From behind her on the landing, Crandall said, “Carson wanted us to wait for him before we went in.”

Carson was the supervisory agent who managed the RA. He’d been driving behind them when they left Civic Center Drive, but apparently they’d lost him along the way. Tess wasn’t going to wait. “He’ll be here soon enough. Let’s look around on our own.”

She pushed open the door and went in, trailed by Crandall. The first thing she saw was the bloody stain on the futon where Dylan Garrick’s head had lain. There were spatter patterns on the wall. More dried blood was dimly visible on the soiled short-nap carpet. The body was gone, as were Garrick’s handgun and the pillow used to muffle the two shots.

Criminalists had gone over the apartment, dusting for prints and bagging fibers and other trace evidence. Tess saw black ferric oxide on some surfaces, silver nitrate on others. The walls and larger objects in the room had been decorated in more elaborate shades, from gaudy Pinkwop and Redwop powders that were processed with a portable laser, to fluorescent greens and oranges that luminesced in ultraviolet light. Whoever dusted the place had been thorough. Tess wondered if Abby’s prints had been among those collected.

In her career she had visited many crime scenes, enough of them to make the experience almost routine. But there was one she had never forgotten-the bedroom of the house she’d rented in a Denver suburb, where Paul Voorhees had been murdered by the serial killer Mobius.

Other shocks had shaken her life, but finding Paul was the one that lingered. She’d never felt the same about a murder scene. Other people could crack jokes and act casual in the presence of death.
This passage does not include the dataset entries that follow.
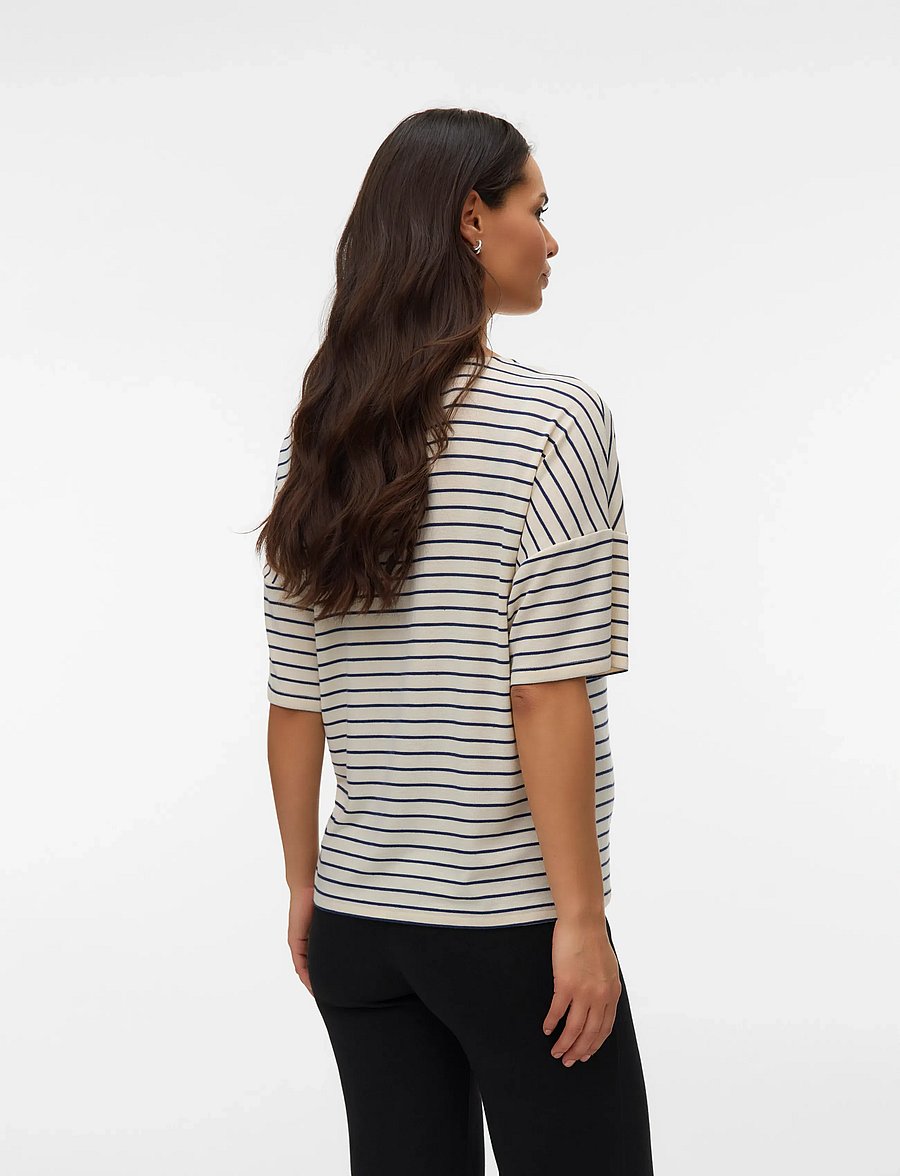 Vero Moda Maternity - VMMHOLLI 2/4 V-NECK LOOSE TOP JRS - augšējais apģērbs - birch - 2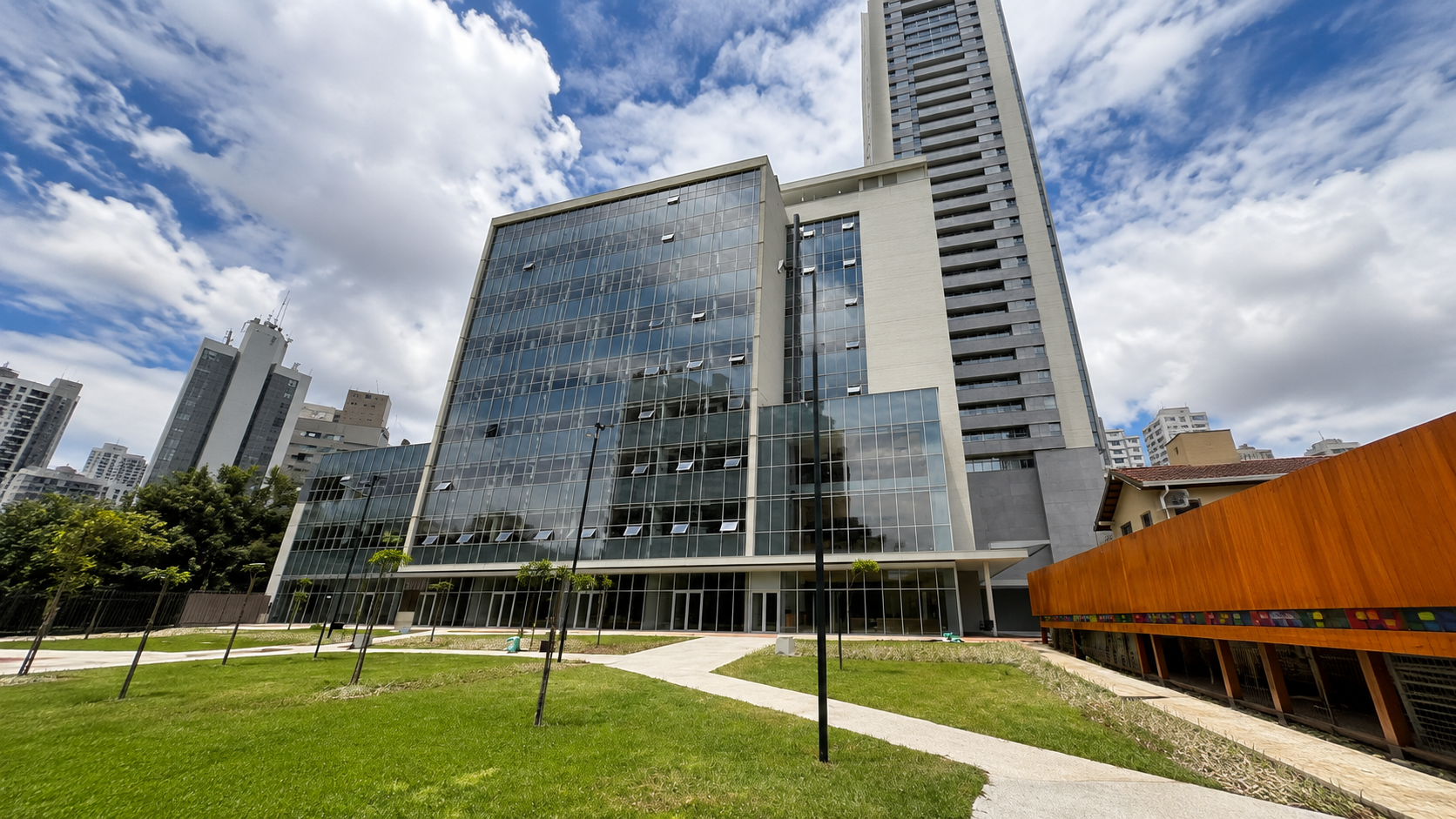 Andar comercial para alugar no Funcionários, um dos bairros mais valorizados de Belo Horizonte. Excelente localização para sua empresa.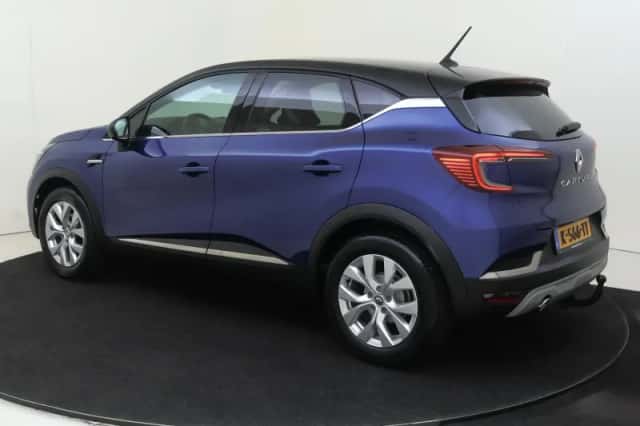 Renault Captur (2021) thumbnail 3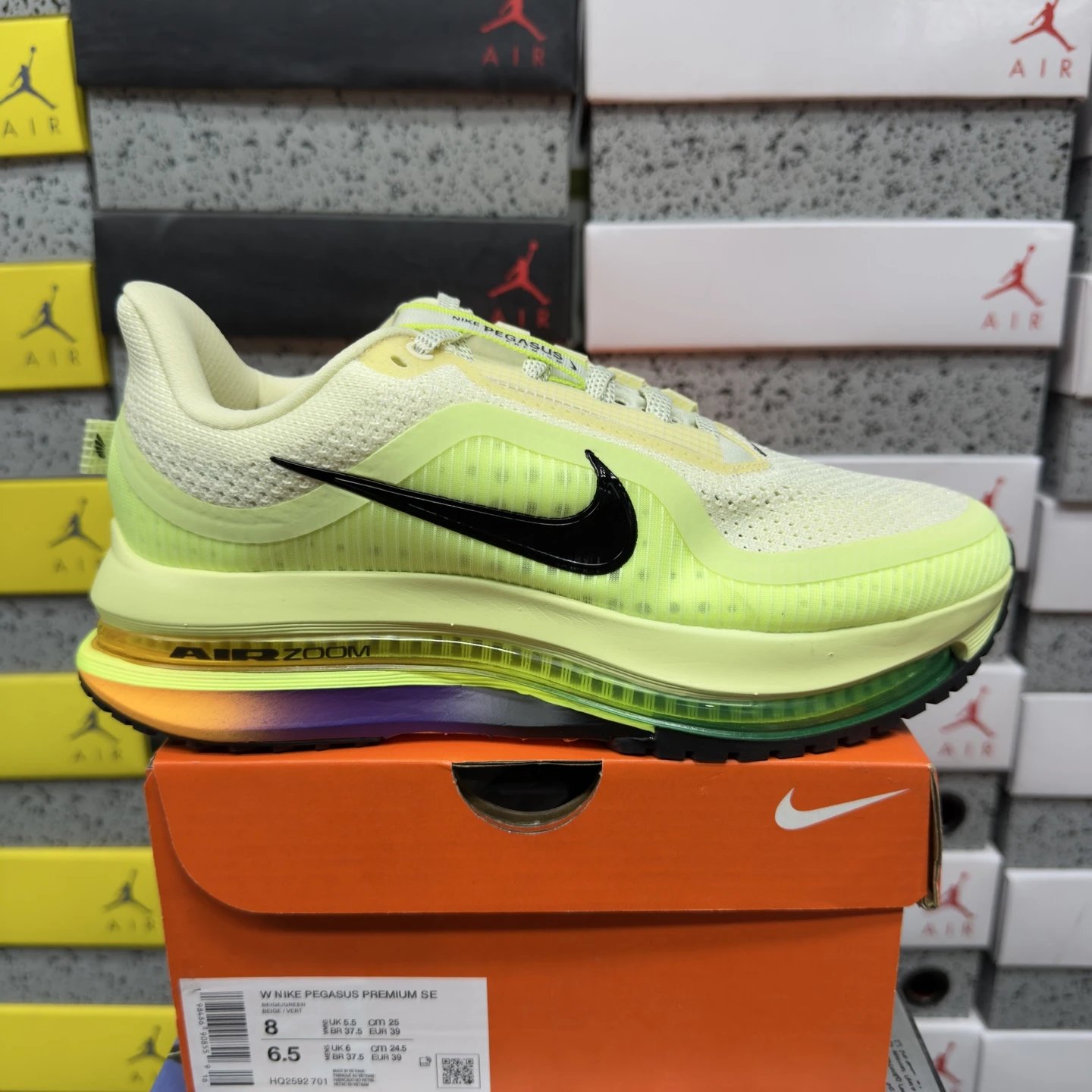 HQ2592-701 SKU image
Not her. She stood in Dylan Garrick’s apartment as she would stand in a church-hushed and solemn.

In one hand she carried a folder of crime-scene photos from the morning conference. She slipped out a picture of the body and studied it, getting a better sense of how Garrick had been positioned. He’d been beaten before he was shot-pistol-whipped with his own firearm. The photo showed the damage to his face, including a broken nose that left a trail of dried blood snaking down to his upper lip. The gun itself, dropped on the floor, had dried blood on the barrel.

Could Abby have hurt him that way? Cracked the gun across his face, crunching bone? Tess wanted to say no. Yet she couldn’t forget Abby at the Boiler Room, carving her steak with grim enthusiasm, the knife gripped tight in her hand. She’d been riding a wave of rage and hate, and there was no telling how far she’d ridden it later that night.
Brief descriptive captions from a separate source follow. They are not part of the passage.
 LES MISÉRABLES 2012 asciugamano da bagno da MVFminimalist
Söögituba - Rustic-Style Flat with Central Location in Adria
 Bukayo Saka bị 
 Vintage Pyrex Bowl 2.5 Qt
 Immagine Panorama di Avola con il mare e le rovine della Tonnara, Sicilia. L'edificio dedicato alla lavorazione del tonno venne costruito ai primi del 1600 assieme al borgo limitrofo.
Of course she’d denied everything. But she had no alibi. And although there was no obvious way for her to track down Garrick, she was resourceful. She could have figured something out. She could have come here.
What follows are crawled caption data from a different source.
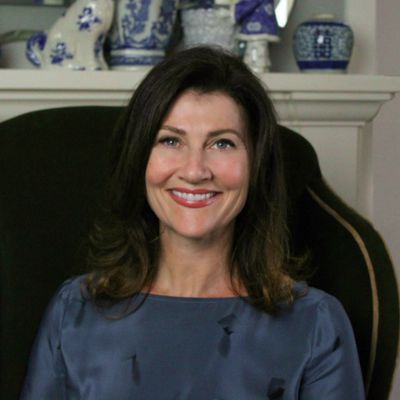 Headshot of esthetician and review board member Jodi Shays.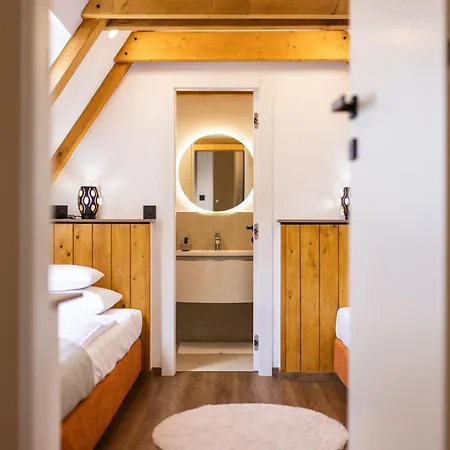 House Vuk Holiday home *
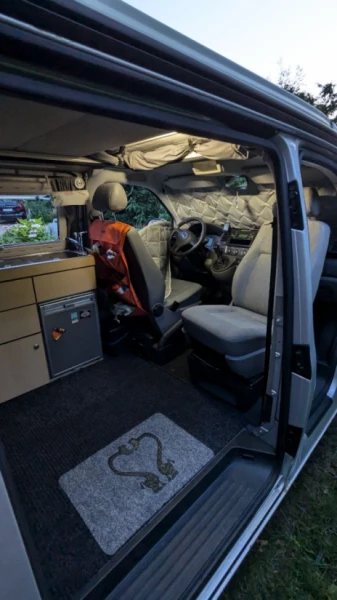 VW T5 Transporter 2L TDI (102PS) Campingbus - Neukirch, Schweiz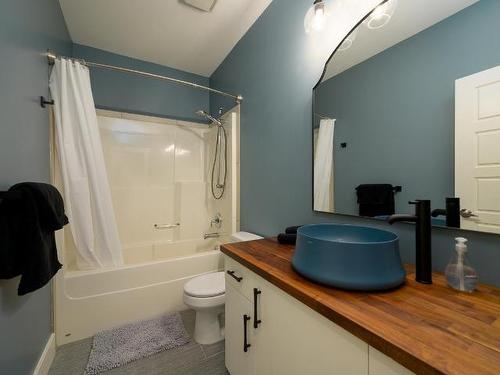 1818 Ironwood Cres, Kamloops, BC - Indoor Photo Showing Bathroom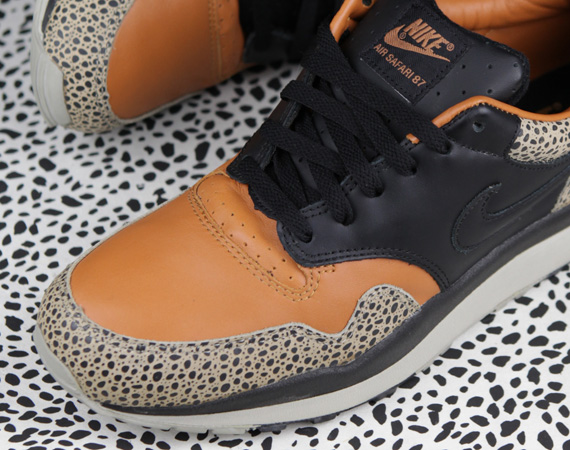 Nike Air Safari 25th Anniversary Summary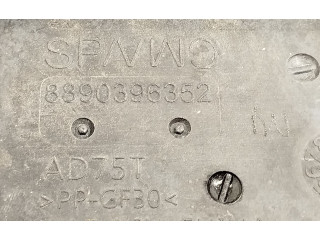 Вентилятор радиатора 8890396352 Lynk & co 01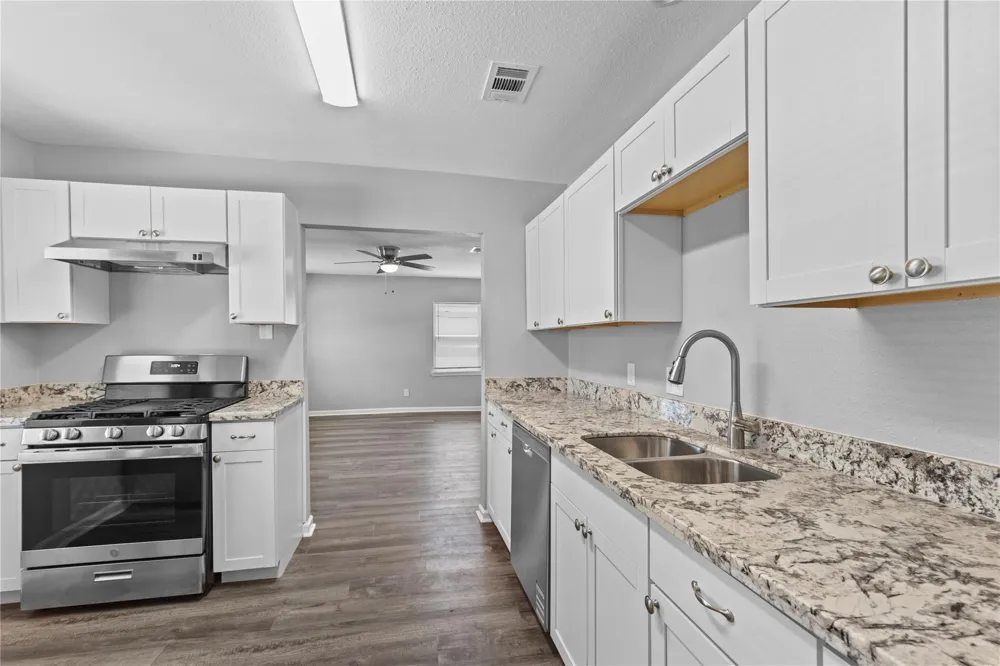4838 Van Fleet Street Houston, TX 77033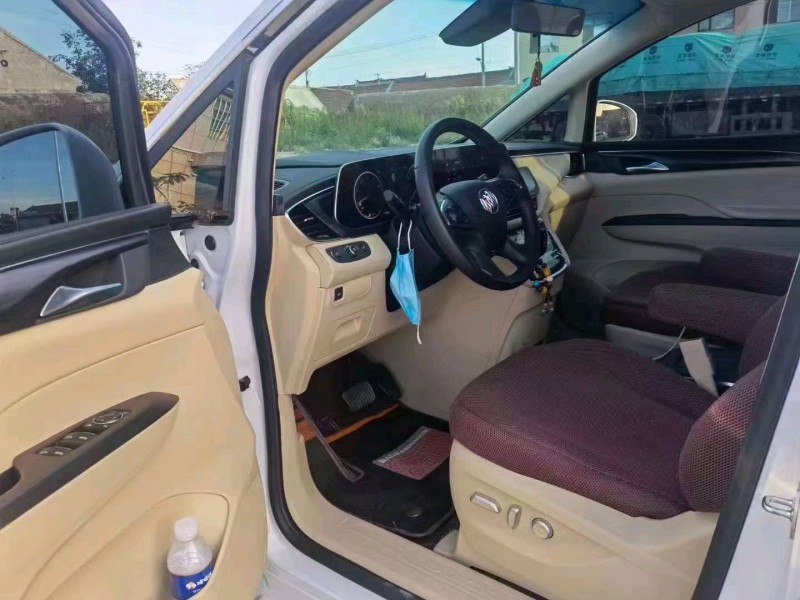 邢台22年别克GL89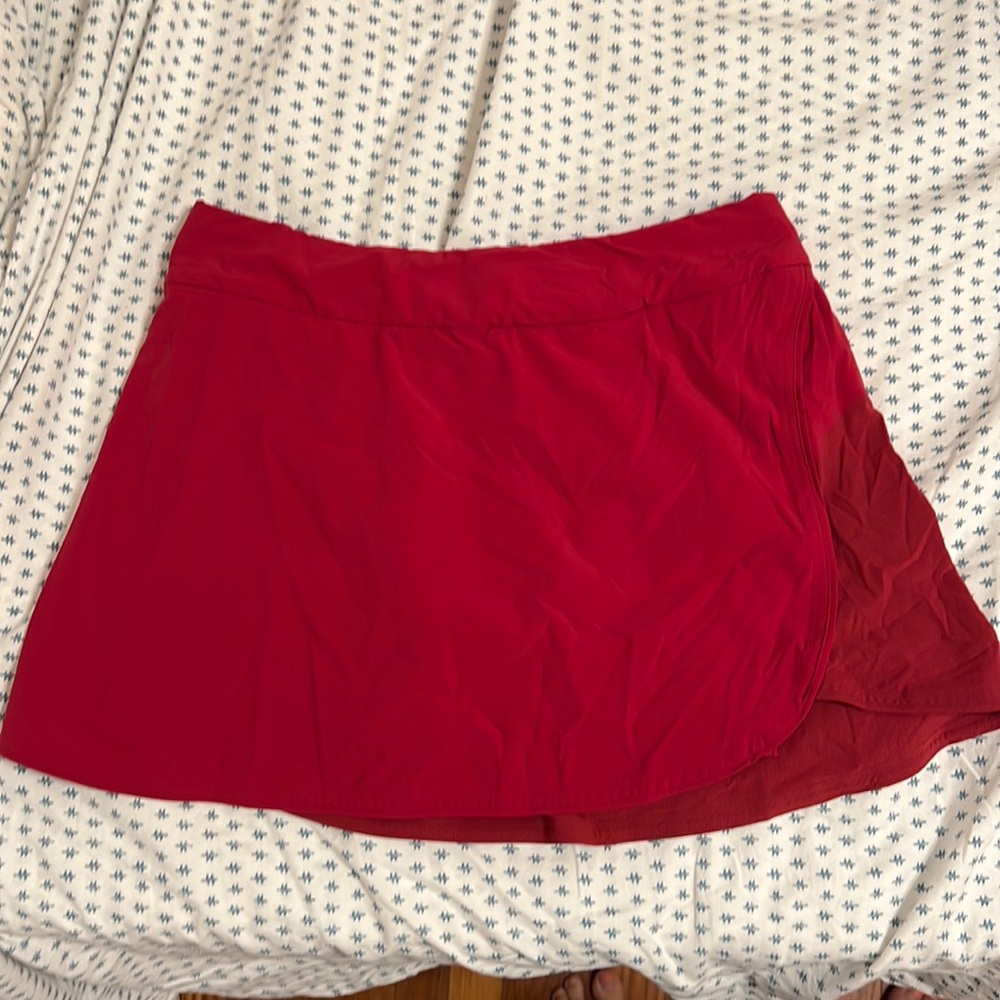 Outdoor voices skort - red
If she had, she came as Garrick’s guest. The lock on the door had not been tampered with. Garrick let her in-or came home with her. Typically, in her work with stalkers, Abby would arrange to meet the guy in some seemingly accidental way, ingratiate herself with him, gain access to his home. She wasn’t above holding out the promise of sexual favors. She…

Tess looked more closely at the photo. “You see this?” she asked Crandall.

“What?”

“Garrick’s pants. They’re open. Unzipped.”